P.O. Drawer 2128
Since 1987, Shaw Industries--based in Dalton, Georgia, which is also known as "The Carpet Capital of the World"--has been the world's largest carpet manufacturer. The company designs and manufactures about 800 styles of tufted carpet for residential and commercial use. Among the name brands produced by Shaw Industries are Philadelphia, Cabin Crafts, Shaw Commercial Carpets, Stratton, Networx, Shawmark, Evans Black, Salem, and Sutton. The majority of the company's products are made from tufted nylon yarn. The production process, according to the company, involves a series of needles which form loops in a synthetic backing. Approximately 98 percent of carpeting produced today is made with such a tufting process, and approximately 99 percent of carpeting produced in the United States is made from nylon or some other synthetic fiber.
Shaw Industries is run by brothers Robert and J.C. Shaw, who founded the company in 1967. Robert Shaw oversees the day-to-day operations as president and chief executive officer and J.C. "Bud" Shaw serves as chairman of the board of directors. According to a profile in the Atlanta Journal and Constitution, the brothers were born in Dalton to the owner of Star Dyeing Co., a subcontractor serving the carpeting industry. As young men, they went their separate ways and left Dalton. Upon their father's death in 1960, the brothers returned home to decide whether to sell or close the business. They did neither, deciding instead to retool their father's company as a supply firm to the industry, which they called Star Finishing Co. The small company--with ten employees and four machines--dyed and finished carpeting for other companies.
The Shaws first entered carpet manufacturing in December 1967, when they acquired the Philadelphia Carpet Company of Cartersville, Georgia. In order to make the purchase, the company incorporated as Philadelphia Holding Co., Inc., but adopted the name Shaw Industries when the company went public in 1971. The company was listed on the American Stock Exchange in March 1972.
The 1970s posed a number of challenges to the young company
as it faced the oil embargo, and the consequent energy crisis and inflation. At that time, housing starts slowed and the construction industry suffered. The embargo also affected the availability of petrochemical products used in producing the synthetic carpet yarns. Despite those pressures, the company continued to grow.

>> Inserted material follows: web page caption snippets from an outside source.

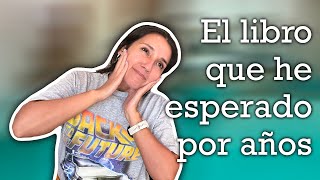 El libro que mas he esperado / la TBR de Octubre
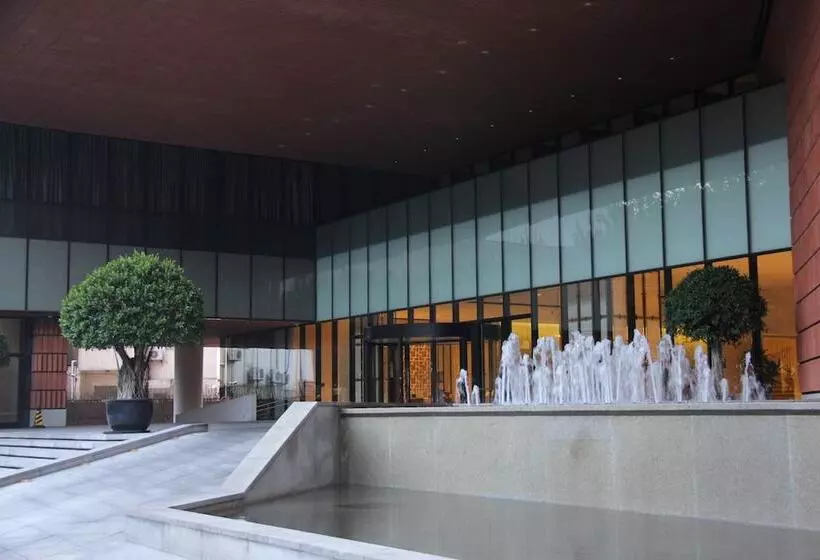 Fotos del hotel Hualuxe Shanghai Twelve At Hengshan, An Ihg:  20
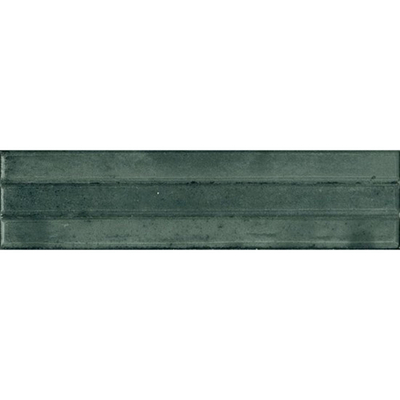 Ceralto Pavero Urban Carreau mural - 6x24cm - 13.5mm - Avio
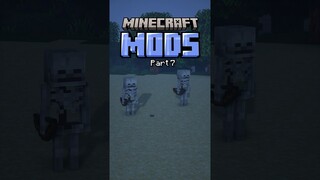 Best Minecraft Mods🐠 #7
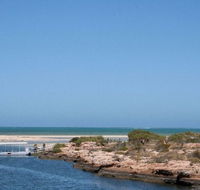 Yardie Creek Campground at Cape Range National Park - Accommodation Sunshine Coast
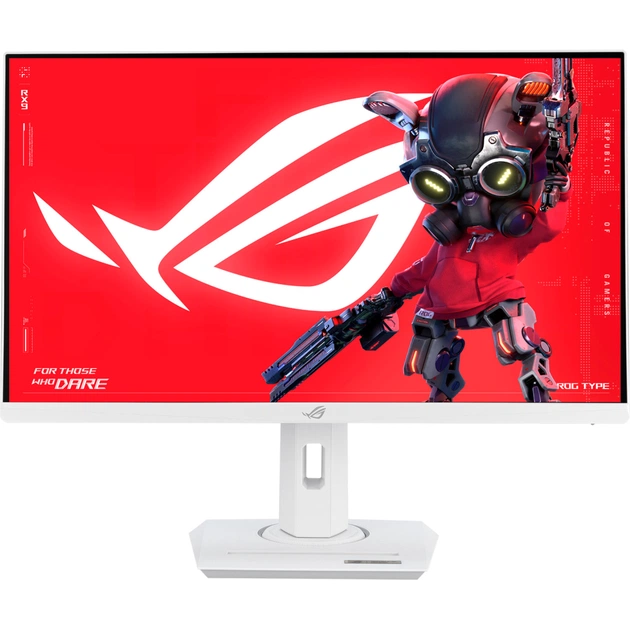 Монітор ASUS ROG Strix XG27ACS-W - зображення 1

In June of 1972, the company acquired New Found Industries, Inc., a spinner of fine gauge carpet yarns. In the same year, the company started up its own heat-set and twisting operations for processing the continuous filament nylon yarn used in making shag carpeting. They also built a new carpet finishing plant in suburban Los Angeles, California in order to help supply West Coast markets.
In the 1974 fiscal year, Shaw acquired Elite Processing Co., Inc. of Dalton, Georgia, and Syntex Yarns, Ltd of Calhoun, Georgia. The former purchase allowed the company to increase its capacity for dyeing tufted carpeting, for Elite had newer "beck dyeing" equipment than Shaw then possessed, as well as "TAK" dyeing equipment, which manufacturers use to create designs by sprinkling flecks of dye onto the carpet material. The Syntex acquisition, renamed New Found Yarns, Inc., added approximately 150,000 pounds per week to the company's yarn-producing capacity. That increased capacity added both to Shaw's in-house production and the materials they sold to other producers.
By 1975, however, the energy crisis began to catch up with the company, decreasing orders and backing up inventory. Sales and revenues decreased 11.8 percent, primarily due to downturns in the construction and home furnishing industries. This year was the first and only year when Shaw's revenues declined. In 1976, while inflation continued and housing starts remained sporadic, matters improved for the company, which showed a 16.2 percent increase in sales and revenues, which was offset partially by a decrease in the sales price of the products due to the slow market. At the same time, Shaw Industries was able to spend five million dollars to upgrade and expand its production facilities.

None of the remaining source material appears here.